Systematic Review Registration: https://www.prisma-statement.org/.

1 Introduction

Electrogastrography (EGG) is a diagnostic method used to measure the electrical potentials of the stomach muscles. The method is non-invasive and is measured transcutaneously using electrodes placed on the abdomen over the stomach location (1, 2). The first measurement of the electrogastrogram took place in the early 1920s on animal and human subjects by Professor Alvarez and his team (1, 3). Since then, due to the evolution of measuring instruments and its increasing measurement precision, the research popularity of the method has grown, and many researchers are still interested in this topic (4–9). Although this non-invasive method could complement or even replace current, more invasive diagnostic methods such as gastroscopy or X-ray examination in clinical practice, a medical standard for its consistent measurement has not yet been defined. However, several attempts to achieve its definition have been made by many authors (10–16).

The aim of this study is to analyze the research articles from the first measurements to the present and help future researchers to choose the appropriate equipment and methods to obtain a relevant electrogastrogram. The devices used range from universal bioamplifiers to single-purpose electrogastrographs with very low or very high sampling frequency and analog or digital filtering, which can significantly change the resulting measured signal and its analysis. The overall quality and the possible presence of noise in the signal lead to analysis using methods such as Wavelet transform in the time domain or Fourier transform in the frequency domain but also machine learning methods.

2 Review strategy

In this study, a review specifically aimed on existing electrogastrography measurement systems, procedures, and analysis methods in both research and clinical practice is presented. The technique that employed to obtain sources and conduct this review is based on the PRISMA review strategy. Various steps were taken in applying this strategy, including selecting appropriate databases, choosing suitable search terms, applying search criteria, and evaluating the results found. Sources utilized for the creation of this review consisted solely of full papers, original journal papers, conference proceedings, book chapters, other review papers, and graduation theses.

Only papers written in the English language were included, and the Scopus, PubMed, and Web of Science databases were used to search the literature. Query used for search in all mentioned databases was “gastric myoelectrical OR electrogastrographical OR electrogastrographic OR electrogastrography AND system OR device OR apparatus”. The results from the three databases were combined, and duplicates and non-English texts were discarded, resulting in 129 matches in July 2023. The selection process is shown in Figure 1.

Figure 1

Figure 1. Selection strategy. A total of 129 articles on electrogastrography measurement devices, procedures, filtration, and analysis were identified.

3 Article structure

This study is structured to cover all related areas of assessment of electrical activity of the stomach. First, the principles of electrical activity of the stomach are described in detail, followed by an explanation of measurement and analysis methodologies. Finally, the results from these chapters are discussed and summarized. The overall structure of chapters is shown in Table 1.

Table 1

Table 1. Diagram of the article structure with all sections and subsections.

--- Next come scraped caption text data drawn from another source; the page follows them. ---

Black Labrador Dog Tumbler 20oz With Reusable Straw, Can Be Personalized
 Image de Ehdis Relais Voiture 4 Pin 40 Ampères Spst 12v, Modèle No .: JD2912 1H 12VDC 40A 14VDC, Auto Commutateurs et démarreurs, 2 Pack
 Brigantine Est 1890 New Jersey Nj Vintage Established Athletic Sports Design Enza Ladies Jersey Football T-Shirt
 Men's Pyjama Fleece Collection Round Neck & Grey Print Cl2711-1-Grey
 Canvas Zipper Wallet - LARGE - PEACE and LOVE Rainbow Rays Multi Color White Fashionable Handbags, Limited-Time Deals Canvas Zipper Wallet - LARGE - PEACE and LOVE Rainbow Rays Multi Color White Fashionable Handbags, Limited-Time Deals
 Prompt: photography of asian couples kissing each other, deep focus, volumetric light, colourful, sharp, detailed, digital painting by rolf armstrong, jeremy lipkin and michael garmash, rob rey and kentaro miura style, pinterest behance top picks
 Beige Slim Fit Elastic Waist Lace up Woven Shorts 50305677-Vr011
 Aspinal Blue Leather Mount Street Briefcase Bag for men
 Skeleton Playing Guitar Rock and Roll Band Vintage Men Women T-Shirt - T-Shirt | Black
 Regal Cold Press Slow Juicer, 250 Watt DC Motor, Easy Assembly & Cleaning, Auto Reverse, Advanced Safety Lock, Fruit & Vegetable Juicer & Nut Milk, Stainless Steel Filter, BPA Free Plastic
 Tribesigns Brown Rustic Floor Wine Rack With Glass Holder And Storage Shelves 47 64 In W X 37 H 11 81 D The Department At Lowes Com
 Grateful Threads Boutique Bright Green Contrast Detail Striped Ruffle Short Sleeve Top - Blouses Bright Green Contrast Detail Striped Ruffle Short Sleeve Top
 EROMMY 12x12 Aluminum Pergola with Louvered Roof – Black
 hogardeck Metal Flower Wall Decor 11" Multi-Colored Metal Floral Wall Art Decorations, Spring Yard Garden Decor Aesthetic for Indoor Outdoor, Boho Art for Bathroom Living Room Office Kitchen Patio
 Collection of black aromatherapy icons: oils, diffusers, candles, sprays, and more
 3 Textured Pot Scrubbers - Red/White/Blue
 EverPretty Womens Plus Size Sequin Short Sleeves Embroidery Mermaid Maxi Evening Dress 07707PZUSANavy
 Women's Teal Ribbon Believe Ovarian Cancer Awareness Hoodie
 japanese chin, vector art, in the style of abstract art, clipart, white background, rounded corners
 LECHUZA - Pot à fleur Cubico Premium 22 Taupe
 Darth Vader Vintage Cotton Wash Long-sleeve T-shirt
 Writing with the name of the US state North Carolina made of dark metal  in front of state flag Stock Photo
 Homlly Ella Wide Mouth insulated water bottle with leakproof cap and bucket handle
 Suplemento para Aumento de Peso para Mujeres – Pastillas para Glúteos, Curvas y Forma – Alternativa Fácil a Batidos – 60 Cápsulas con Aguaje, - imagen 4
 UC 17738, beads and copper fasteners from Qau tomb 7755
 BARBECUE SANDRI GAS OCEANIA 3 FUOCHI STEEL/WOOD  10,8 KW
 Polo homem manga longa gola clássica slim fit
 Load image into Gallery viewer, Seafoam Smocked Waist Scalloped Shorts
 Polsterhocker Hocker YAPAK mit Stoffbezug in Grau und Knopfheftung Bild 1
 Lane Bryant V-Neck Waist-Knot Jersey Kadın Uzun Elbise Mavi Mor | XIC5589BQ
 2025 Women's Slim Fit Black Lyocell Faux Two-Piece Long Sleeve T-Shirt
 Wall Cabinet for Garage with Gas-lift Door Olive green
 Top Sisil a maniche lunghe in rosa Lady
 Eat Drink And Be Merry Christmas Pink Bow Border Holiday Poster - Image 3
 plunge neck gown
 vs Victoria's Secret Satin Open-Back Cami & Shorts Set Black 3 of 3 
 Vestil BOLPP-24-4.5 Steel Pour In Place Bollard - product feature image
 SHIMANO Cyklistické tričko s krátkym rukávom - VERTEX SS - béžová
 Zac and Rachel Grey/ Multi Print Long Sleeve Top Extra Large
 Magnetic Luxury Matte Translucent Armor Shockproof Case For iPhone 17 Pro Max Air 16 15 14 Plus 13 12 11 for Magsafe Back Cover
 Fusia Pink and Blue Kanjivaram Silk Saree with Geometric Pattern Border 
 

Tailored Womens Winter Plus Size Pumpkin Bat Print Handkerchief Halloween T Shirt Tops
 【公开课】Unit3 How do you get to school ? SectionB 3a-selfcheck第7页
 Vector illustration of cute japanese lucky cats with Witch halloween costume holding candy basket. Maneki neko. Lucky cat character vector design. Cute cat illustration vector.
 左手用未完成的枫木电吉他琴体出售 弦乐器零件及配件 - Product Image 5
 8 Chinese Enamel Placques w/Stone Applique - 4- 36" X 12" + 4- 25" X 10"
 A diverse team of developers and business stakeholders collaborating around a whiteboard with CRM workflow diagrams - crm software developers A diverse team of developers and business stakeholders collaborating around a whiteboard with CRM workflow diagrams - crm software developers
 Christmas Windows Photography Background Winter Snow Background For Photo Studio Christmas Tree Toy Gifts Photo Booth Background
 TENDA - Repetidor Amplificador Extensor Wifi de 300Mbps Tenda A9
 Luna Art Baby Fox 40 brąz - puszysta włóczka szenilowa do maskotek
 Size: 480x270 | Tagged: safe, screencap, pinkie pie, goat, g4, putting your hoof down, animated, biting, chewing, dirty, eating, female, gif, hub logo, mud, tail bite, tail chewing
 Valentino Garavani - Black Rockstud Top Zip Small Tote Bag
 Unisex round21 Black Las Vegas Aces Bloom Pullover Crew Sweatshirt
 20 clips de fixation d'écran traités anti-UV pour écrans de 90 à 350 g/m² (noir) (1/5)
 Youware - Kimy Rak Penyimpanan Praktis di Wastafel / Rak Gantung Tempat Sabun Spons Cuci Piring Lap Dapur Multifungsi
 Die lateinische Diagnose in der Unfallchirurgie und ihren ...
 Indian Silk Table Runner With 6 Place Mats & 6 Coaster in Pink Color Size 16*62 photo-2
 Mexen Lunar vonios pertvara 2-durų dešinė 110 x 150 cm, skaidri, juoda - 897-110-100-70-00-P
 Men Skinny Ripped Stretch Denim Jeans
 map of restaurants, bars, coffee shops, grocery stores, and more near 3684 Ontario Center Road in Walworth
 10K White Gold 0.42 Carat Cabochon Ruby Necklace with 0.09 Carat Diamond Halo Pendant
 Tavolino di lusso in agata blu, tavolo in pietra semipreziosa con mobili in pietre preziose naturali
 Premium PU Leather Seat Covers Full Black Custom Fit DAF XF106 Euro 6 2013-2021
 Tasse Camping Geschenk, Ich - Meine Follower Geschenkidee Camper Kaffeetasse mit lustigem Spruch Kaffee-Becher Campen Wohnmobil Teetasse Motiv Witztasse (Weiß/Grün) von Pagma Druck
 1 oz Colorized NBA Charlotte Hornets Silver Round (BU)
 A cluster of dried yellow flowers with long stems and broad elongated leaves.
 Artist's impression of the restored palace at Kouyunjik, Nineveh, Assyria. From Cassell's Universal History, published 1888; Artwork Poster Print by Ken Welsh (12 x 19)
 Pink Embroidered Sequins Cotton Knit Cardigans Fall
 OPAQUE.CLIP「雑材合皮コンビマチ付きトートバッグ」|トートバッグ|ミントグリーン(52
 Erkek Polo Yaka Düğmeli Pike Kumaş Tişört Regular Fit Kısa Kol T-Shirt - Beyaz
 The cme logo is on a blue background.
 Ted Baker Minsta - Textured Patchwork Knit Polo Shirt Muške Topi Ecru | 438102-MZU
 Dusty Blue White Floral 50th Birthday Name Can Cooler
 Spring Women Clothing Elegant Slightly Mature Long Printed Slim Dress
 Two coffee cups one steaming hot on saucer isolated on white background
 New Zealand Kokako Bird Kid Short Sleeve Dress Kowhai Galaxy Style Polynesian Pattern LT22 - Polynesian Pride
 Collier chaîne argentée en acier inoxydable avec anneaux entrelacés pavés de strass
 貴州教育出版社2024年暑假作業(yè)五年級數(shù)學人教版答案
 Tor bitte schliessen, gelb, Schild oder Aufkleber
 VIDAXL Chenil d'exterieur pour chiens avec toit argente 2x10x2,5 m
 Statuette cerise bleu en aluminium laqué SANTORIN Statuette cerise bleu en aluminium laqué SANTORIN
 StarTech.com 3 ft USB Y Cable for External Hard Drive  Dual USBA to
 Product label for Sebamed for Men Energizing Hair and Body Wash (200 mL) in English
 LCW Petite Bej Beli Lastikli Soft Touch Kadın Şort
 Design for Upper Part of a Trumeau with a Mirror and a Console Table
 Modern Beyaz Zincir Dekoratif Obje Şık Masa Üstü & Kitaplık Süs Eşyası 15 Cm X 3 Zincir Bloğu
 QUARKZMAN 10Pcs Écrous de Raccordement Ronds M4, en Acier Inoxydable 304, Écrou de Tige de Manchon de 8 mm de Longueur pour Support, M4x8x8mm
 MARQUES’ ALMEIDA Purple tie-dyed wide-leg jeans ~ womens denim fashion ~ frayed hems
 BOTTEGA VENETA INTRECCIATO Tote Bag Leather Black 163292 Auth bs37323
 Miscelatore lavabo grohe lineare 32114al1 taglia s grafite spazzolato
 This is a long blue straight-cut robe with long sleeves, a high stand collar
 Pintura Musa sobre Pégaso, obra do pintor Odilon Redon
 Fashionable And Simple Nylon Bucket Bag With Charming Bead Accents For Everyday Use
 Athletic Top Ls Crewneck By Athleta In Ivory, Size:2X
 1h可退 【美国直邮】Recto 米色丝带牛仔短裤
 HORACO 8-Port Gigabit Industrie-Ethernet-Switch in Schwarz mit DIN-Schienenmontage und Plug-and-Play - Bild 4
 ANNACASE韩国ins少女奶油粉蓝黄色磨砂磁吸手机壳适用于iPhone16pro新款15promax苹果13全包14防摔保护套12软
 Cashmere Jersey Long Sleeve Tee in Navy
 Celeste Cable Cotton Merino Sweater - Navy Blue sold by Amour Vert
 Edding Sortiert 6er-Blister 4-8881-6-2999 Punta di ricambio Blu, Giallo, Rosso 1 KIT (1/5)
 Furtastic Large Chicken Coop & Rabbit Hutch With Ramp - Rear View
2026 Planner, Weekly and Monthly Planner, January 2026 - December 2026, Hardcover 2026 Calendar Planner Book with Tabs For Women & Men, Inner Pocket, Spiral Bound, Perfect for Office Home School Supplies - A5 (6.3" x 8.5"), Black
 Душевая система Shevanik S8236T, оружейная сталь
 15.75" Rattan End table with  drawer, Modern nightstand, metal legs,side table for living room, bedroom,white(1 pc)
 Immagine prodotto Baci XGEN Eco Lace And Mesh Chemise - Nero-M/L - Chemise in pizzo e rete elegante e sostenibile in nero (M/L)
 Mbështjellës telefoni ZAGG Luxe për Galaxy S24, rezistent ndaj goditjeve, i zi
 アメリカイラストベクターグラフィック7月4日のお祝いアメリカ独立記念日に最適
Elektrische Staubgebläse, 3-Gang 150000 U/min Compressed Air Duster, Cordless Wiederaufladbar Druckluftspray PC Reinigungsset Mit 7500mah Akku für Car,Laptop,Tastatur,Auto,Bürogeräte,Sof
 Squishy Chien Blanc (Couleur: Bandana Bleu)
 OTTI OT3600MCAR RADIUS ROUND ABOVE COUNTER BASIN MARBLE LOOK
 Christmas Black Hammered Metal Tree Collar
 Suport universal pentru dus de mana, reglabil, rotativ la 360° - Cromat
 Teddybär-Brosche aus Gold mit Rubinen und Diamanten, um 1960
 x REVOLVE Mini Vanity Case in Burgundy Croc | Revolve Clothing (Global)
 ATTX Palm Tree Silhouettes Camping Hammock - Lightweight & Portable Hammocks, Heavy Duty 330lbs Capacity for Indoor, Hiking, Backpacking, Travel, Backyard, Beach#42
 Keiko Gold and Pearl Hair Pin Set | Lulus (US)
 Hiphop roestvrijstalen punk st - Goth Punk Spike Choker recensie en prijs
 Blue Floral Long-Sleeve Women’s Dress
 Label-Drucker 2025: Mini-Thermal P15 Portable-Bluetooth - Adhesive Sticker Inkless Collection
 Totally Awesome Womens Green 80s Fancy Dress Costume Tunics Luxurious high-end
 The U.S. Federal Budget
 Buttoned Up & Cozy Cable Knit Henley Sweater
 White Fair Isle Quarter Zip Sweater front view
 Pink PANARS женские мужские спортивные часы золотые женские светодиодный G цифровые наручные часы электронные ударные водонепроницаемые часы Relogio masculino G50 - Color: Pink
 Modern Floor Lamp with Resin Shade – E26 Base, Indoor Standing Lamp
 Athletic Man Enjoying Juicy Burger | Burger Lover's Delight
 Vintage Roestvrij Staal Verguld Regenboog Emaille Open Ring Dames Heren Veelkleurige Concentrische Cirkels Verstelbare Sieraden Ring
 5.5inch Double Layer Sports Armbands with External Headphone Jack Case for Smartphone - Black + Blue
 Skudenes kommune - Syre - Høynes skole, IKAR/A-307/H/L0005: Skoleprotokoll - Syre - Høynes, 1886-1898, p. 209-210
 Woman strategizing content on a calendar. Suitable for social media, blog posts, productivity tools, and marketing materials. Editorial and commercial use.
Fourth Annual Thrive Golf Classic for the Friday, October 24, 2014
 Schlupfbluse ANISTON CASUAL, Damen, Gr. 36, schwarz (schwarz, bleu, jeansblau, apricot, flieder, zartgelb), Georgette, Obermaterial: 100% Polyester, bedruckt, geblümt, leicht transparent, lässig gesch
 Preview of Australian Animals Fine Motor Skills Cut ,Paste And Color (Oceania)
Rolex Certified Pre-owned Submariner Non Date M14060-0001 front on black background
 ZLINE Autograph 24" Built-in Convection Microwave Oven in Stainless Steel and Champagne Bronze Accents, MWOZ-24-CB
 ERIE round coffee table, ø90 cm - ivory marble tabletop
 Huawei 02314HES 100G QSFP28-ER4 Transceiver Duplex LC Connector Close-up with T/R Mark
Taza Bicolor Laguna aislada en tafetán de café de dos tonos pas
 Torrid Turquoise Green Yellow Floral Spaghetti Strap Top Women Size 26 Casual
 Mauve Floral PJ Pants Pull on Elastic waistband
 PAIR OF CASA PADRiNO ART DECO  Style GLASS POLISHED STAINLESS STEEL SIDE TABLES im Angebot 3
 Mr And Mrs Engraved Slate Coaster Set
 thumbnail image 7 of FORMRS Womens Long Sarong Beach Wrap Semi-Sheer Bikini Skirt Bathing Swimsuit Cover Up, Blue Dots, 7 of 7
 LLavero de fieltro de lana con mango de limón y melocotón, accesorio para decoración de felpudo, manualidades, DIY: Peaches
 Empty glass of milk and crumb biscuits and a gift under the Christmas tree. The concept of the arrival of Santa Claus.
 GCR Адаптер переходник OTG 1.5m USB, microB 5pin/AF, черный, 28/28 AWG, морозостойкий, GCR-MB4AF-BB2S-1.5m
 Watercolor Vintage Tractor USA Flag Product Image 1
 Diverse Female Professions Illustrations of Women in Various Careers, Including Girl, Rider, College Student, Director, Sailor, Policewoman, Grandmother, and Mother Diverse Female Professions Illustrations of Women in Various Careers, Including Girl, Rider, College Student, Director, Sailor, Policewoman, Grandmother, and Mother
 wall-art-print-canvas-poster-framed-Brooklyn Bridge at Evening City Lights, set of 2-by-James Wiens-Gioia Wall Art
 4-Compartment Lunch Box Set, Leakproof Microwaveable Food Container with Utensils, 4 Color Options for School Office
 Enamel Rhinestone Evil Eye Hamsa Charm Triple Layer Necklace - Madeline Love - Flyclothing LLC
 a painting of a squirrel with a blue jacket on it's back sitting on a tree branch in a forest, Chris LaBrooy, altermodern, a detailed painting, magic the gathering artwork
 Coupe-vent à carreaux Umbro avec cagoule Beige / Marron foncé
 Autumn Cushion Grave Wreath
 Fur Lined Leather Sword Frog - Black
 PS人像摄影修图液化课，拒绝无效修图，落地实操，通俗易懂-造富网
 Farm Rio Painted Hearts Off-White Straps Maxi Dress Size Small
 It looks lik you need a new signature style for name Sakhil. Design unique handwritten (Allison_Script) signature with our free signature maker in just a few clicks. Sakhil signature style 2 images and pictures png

4 Electrical activity of the stomach

Electrical potentials that occur on the surface of the stomach are the cause of spontaneous contractions leading to rhythmic activity of the smooth muscles of the stomach (17–19). The frequency of the generated electrical waves is very low, specifically in millihertz; therefore, the common unit describing the signal frequency is cycles per minute (CPM) (2, 20–22). The peak-to-peak voltage of the potentials measured invasively directly on the stomach surface is in the range of 1–2 mV (23–25), and the voltage of signals measured non-invasively on the abdominal wall is in the range of 200–400 μV (24, 26, 27). An example of a normal resting signal of the electrical activity of the stomach is shown in Figure 2. The physiological frequency of gastric electrical waves in the case of an empty stomach is in the range of 2–4 CPM, and in most cases, it is 3 CPM (1, 3, 23–34) as visible in power spectral density spectrum in Figure 3. The electrical activity of an empty stomach is called preprandial, and activity after a meal is called postprandial. The gastric electrical activity originates in places called gastric pacemakers located throughout the body and antrum with different structural characteristics, from which it spreads over the surface of the stomach with different intrinsic frequencies (35). The dominant gastric pacemaker is located in a part of the stomach called the corpus and in its subsection called the greater curvature (31, 36, 37). The electrical activity of the stomach generated by pacemakers originates in the interstitial Cajal cells, as confirmed by the fact that if the cells are removed, the electrical potentials disappear (35, 38–40).

Figure 2

Figure 2. An example of the resting (prepreandial) electrical activity of the stomach (electrogastrogram) of a 22-year-old man obtained by the bipolar method of measurement using an universal bioamplifier. The signal was then low-pass filtered.

Figure 3

Figure 3. An example of the power spectral density of electrical activity of the stomach.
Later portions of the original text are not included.